I have a dataset like this:
- id : E.g. 111, 111, 111, 112, 112, 113, 113
- Year: E.g. 2010, 2011, 2012, 2010, 2011,2010, 2015
- Sex: E.g. M, M, F, F, F, M, M
In this dataset, ID = 111 had a sex change (switch from M to F - or from F to M)
With postgre sql, I try to find out:
- A: How many ids stay as man (and which ids)
- B: How many ids stay as woman (and which ids)
- C: How many ids go from man to woman (and which ids)
- D: How many ids go from woman to man (and which ids)
I try like this:
# problem A
SELECT COUNT(DISTINCT ID) FROM table WHERE ID NOT IN (SELECT ID FROM table WHERE SEX = 'M');
SELECT DISTINCT ID FROM table WHERE ID NOT IN (SELECT ID FROM table WHERE SEX = 'M');
# problem B
SELECT COUNT(DISTINCT ID) FROM table WHERE ID NOT IN (SELECT ID FROM table WHERE SEX = 'F');
SELECT DISTINCT ID FROM table WHERE ID NOT IN (SELECT ID FROM table WHERE SEX = 'F');
# all sex change
SELECT COUNT(DISTINCT ID) FROM table WHERE ID IN (SELECT ID FROM table WHERE SEX = 'M') AND ID IN (SELECT ID FROM table WHERE SEX = 'F');
SELECT DISTINCT ID FROM table WHERE ID IN (SELECT ID FROM table WHERE SEX = 'M') AND ID IN (SELECT ID FROM table WHERE SEX = 'F');
Is it correct? Or is window-lag function needed?

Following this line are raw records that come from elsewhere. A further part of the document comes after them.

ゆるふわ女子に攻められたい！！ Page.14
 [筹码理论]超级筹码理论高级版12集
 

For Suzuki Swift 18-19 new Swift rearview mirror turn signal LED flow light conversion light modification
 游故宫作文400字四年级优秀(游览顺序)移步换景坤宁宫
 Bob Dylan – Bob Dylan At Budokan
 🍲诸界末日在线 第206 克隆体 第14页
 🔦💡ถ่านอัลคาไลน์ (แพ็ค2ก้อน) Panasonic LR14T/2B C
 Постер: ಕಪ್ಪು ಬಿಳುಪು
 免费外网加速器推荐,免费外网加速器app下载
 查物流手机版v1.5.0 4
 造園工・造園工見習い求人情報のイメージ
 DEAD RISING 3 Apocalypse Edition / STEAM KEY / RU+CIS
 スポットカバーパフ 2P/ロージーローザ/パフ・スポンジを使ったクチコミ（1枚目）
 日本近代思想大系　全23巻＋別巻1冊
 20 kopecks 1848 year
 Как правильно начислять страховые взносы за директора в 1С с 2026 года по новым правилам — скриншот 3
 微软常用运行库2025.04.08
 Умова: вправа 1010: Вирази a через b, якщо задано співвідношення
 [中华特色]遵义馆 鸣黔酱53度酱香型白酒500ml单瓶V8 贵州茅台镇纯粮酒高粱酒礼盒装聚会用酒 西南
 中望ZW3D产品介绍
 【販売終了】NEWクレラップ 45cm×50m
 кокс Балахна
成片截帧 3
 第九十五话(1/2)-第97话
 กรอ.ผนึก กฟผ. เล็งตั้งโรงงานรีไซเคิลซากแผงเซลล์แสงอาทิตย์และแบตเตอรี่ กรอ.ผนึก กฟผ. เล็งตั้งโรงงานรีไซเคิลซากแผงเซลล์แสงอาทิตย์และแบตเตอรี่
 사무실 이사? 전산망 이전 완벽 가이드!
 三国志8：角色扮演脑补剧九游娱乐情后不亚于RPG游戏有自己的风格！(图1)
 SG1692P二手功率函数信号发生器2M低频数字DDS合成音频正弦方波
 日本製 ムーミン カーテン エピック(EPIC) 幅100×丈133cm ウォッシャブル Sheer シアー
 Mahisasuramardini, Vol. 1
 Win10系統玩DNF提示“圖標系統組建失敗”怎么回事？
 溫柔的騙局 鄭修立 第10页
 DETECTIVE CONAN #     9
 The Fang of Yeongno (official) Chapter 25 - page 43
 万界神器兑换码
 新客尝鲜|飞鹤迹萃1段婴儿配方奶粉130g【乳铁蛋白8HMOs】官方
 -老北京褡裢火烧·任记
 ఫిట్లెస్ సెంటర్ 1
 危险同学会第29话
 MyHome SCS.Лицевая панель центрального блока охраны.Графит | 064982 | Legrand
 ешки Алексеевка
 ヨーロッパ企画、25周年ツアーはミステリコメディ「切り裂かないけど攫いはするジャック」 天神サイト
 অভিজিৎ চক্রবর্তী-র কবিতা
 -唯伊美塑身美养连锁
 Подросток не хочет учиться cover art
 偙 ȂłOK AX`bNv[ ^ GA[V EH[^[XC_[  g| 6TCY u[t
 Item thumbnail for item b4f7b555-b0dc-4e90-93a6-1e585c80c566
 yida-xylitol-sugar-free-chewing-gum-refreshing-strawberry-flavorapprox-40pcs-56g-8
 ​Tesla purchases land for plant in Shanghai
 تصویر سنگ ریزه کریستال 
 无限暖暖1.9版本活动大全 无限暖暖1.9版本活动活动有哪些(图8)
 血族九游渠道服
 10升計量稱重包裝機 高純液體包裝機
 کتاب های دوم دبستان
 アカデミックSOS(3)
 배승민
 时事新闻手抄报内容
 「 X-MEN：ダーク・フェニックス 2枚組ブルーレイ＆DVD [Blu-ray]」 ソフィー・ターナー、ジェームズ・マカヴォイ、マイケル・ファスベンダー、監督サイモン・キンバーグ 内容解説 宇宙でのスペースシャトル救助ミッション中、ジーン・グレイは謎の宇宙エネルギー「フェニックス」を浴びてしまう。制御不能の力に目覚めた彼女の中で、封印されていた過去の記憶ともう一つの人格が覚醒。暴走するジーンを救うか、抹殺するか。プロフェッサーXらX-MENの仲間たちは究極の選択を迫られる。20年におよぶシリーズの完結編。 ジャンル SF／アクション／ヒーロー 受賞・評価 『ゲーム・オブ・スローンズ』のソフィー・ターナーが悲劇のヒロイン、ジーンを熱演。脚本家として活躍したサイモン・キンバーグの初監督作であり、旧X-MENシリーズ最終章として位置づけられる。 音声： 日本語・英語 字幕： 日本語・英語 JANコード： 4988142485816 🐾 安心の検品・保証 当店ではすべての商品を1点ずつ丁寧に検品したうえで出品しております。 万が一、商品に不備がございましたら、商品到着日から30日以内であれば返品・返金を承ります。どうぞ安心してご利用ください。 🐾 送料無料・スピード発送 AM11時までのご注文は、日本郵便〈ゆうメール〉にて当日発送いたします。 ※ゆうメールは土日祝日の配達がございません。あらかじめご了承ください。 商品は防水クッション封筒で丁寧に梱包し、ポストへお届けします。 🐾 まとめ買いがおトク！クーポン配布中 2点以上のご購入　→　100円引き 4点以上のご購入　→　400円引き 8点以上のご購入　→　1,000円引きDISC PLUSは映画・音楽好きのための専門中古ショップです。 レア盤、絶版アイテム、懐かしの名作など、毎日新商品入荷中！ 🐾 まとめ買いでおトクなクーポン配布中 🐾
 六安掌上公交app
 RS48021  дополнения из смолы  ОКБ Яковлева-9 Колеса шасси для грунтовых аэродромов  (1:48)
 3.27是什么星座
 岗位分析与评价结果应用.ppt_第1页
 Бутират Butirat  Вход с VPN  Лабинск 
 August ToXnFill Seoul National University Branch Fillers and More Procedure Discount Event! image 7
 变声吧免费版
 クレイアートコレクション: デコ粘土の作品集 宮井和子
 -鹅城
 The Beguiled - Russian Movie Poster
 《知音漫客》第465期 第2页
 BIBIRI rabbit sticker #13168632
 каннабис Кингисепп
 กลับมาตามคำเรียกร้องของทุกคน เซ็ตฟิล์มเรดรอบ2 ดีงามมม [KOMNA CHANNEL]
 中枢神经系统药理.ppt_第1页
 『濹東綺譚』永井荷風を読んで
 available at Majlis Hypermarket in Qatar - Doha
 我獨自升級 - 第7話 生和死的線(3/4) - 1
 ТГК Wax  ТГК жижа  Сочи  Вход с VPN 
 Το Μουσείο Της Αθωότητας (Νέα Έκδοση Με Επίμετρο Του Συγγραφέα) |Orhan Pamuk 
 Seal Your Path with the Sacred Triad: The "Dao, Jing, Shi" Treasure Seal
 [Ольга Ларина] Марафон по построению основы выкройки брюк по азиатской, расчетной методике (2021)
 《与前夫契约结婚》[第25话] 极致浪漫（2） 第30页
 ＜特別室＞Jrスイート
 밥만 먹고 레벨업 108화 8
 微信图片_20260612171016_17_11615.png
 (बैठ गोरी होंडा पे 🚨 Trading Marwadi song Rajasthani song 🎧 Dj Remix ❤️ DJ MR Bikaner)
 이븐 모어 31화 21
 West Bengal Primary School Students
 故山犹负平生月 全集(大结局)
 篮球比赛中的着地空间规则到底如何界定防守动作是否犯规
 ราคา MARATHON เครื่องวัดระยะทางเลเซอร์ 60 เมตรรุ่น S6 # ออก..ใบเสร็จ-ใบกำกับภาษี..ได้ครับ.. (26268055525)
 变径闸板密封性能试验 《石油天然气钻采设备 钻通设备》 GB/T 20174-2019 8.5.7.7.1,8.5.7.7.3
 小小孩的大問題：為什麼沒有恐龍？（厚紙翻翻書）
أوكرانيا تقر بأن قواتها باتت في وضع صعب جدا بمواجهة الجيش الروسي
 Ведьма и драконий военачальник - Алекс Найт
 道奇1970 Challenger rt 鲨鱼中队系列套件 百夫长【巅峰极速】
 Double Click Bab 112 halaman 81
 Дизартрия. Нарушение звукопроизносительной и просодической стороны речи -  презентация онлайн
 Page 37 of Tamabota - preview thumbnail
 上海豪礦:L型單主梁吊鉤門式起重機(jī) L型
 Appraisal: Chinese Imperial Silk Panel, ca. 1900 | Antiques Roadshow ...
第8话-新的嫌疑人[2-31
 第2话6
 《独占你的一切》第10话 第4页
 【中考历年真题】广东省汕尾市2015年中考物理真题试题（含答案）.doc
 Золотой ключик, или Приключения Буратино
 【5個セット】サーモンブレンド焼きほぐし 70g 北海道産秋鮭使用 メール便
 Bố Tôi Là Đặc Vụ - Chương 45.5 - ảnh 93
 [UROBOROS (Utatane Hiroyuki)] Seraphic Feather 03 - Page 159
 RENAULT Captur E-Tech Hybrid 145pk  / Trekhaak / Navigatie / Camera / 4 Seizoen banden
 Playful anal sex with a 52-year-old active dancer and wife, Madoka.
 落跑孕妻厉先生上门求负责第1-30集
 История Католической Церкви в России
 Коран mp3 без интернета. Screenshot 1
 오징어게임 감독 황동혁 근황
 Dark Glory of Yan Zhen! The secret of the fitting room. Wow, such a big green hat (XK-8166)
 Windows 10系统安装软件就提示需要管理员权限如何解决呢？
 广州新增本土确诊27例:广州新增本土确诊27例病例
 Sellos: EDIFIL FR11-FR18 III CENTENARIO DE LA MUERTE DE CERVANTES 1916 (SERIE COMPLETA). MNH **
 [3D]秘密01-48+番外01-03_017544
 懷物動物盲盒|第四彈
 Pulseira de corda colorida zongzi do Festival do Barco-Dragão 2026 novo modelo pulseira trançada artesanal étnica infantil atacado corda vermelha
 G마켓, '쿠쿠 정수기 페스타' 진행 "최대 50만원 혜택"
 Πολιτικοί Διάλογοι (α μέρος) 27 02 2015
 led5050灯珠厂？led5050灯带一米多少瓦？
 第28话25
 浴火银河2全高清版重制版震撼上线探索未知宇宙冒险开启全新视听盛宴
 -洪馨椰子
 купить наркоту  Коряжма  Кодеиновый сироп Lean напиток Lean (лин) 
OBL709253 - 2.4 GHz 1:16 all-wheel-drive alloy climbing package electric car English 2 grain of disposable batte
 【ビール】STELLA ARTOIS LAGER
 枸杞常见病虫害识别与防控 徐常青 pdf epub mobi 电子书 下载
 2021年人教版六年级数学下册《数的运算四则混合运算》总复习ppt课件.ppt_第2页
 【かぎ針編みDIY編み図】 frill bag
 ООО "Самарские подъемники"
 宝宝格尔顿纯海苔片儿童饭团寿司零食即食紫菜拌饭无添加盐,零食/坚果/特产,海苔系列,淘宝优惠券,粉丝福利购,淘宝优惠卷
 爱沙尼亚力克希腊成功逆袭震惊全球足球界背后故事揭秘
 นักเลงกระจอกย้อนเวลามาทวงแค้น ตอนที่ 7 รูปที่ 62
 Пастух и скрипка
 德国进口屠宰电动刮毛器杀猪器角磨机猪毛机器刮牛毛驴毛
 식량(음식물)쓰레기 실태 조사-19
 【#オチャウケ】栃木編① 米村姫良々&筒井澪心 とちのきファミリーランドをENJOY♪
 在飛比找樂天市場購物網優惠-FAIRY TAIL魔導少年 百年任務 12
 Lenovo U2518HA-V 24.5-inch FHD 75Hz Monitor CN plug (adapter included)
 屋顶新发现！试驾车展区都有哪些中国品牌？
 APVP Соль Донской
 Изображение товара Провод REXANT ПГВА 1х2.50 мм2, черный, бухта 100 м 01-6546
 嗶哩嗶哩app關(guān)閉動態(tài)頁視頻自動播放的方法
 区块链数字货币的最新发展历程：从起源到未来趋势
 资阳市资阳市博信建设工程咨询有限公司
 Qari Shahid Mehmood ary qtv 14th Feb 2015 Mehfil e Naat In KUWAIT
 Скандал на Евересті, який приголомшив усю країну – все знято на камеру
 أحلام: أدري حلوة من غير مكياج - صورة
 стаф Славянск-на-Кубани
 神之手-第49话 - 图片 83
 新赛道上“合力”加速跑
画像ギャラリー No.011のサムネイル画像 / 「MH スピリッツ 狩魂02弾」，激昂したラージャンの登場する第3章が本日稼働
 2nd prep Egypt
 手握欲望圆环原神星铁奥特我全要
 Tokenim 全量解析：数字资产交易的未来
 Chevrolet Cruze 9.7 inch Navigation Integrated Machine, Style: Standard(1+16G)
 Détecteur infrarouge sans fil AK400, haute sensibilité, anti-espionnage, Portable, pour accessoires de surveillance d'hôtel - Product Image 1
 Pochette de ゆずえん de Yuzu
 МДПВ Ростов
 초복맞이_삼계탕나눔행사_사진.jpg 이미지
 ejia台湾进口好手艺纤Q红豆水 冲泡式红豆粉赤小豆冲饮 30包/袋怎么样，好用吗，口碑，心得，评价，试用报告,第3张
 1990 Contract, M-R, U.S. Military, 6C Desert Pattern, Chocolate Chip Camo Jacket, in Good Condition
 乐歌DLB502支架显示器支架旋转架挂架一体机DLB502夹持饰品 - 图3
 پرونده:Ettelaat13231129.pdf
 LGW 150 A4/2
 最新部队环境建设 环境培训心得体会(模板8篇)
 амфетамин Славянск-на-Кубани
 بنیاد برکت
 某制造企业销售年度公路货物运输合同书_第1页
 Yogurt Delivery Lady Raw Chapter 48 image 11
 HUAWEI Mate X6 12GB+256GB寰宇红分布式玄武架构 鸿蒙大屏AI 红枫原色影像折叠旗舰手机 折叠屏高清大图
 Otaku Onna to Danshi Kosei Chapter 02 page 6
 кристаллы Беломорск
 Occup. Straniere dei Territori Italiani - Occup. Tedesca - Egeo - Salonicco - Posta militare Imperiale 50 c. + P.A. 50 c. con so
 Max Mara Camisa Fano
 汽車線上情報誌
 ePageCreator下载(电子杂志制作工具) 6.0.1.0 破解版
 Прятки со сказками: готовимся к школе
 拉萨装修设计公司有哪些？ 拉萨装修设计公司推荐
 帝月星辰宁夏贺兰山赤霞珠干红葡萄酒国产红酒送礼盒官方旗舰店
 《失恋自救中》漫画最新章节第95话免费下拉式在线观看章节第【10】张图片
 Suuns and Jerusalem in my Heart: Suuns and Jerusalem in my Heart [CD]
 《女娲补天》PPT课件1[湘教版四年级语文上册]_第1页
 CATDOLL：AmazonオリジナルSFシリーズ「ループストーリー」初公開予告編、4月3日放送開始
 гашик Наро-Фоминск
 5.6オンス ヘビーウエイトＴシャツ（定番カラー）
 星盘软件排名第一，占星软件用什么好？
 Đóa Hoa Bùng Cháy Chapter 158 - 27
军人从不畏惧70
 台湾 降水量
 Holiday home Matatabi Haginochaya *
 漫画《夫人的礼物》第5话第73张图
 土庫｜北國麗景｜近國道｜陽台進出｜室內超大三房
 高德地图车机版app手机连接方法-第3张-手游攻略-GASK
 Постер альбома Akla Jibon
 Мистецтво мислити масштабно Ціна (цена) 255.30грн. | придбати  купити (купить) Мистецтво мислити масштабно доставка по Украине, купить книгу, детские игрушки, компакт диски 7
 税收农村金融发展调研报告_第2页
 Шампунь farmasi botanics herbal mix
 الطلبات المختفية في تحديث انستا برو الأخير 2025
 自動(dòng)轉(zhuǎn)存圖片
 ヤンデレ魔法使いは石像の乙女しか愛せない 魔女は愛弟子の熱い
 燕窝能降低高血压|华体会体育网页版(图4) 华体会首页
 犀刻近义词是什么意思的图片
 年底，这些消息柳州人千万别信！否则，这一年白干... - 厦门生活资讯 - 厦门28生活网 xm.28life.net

CodePudding user response:
You can try this, to calculate in advance some metrics:
SELECT *
,MAX(CASE WHEN sex = 'M' THEN 1 ELSE 0 END) OVER (PARTITION BY ID) AS has_M
,MAX(CASE WHEN sex = 'F' THEN 1 ELSE 0 END) OVER (PARTITION BY ID) AS has_F
,DENSE_RANK() OVER (PARTITION BY id ORDER BY id, year) AS initial_sex
FROM mytable;
and then solve your issues:
SELECT SUM(CASE WHEN initial_sex = 1 AND SEX = 'M' THEN 1 ELSE 0 END)
,string_agg(CASE WHEN initial_sex = 1 AND SEX = 'M' THEN CAST(id AS VARCHAR(12)) END, ', ')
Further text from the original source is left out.